Was soll der Blödsinn, rügte sie sich. Du machst dich nur
selbst verrückt wie ein kleines Kind, das sich vor Ungeheuern
unterm Bett fürchtet. Dennoch lauschte sie, während sie durch
die trockene Pipeline kroch, nach dem Rauschen von Wasser
und tastete mit den Fingerspitzen nach der leichtesten
Erschütterung der Röhre. Zumal die Rohrleitung doch nicht so
trocken war: Hier und da sagten feuchte Stellen und sogar
Pfützen ihr, dass vor nicht allzu langer Zeit hier Wasser
durchgeflossen war.
Ursprünglich hatte sie in der Pipeline bleiben wollen, bis sie
am Habitat-Ende eine große U-Kurve beschrieb. Vielleicht
würde sie doch früher aussteigen. Sie verspürte nämlich das
Bedürfnis, wieder aufrecht zu stehen und sich zu recken und
zu strecken. Also rutschte sie weiter durch die Pipeline, wobei
die Angst vorm Ertrinken ständig an ihr nagte.
Der Scout erreichte mit Leichtigkeit die Luke, durch die Holly
in die Pipeline eingestiegen war. Der elektronische Detektor
folgte der Geruchsspur, die sie hinterlassen hatte, ohne
Probleme. Mein braver Bluthund, sagte er sich mit einem
schiefen Lächeln.
Nun musste er eine Entscheidung treffen. Soll ich in die
Rohrleitung gehen und ihr folgen oder draußen bleiben? Er
beschloss, draußen zu bleiben. Er käme schneller voran, wenn
er ging, als wenn er durch die dunkle Rohrleitung kröche. Sie
muss früher oder später herauskommen, und wenn sie das tut,
wird das Spürgerät mir sagen, durch welche Luke sie
ausgestiegen ist.
Aber welche Richtung hat sie eingeschlagen? Er wusste, dass
sie sich von der Ortschaft entfernte und in Richtung des
Habitat-Endes bewegte. Ich werde diesem Vektor folgen. Die
Wahrscheinlichkeit, dass sie umgekehrt ist und wieder zur
Ortschaft zurückgeht, ist ziemlich gering.

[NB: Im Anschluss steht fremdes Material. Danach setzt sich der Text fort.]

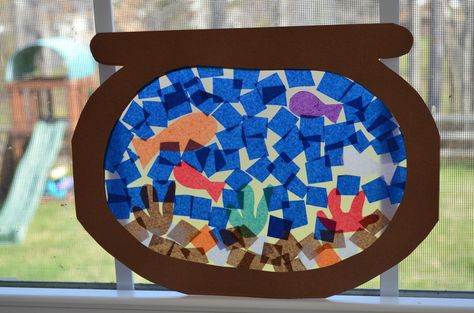 "Stained glass" fish bowl craft using tissue paper Glass Fish Bowl, Dory Party, Paper Fish, Tissue Paper Crafts, Fish Crafts, Fish Bowl, Art Programs, Animal Projects, Arts Ed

Trotzdem rief er
Kananga an. Er schilderte ihm die Situation und riet ihm, ein
paar Leute an den Pipeline-Luken in der Nähe der Ortschaft
zu postieren.
»Ich werde etwas ganz anderes tun«, sagte Kananga mit
einem sardonischen Grinsen. »Ich werde die Instandhaltung
anweisen, den Hauptwasserfluss in diese Rohrleitung
umzuleiten. Dann wird sie herausgespült.«
Tavalera fuhr mit dem Fahrrad auf dem Pfad, der sich durch
die Obstgärten und das Ackerland zog, zum Habitat-Ende. Er
ließ das Rad am Ende des Pfads stehen und folgte dem
Gehweg, der durch den Wald am Ende des Habitats führte. Es
war ein merkwürdiges Gefühl: Er sah, dass er eine leichte
Steigung erklomm und hatte dennoch das Gefühl, bergab zu
gehen; die Gravitation nahm mit jedem Schritt spürbar ab.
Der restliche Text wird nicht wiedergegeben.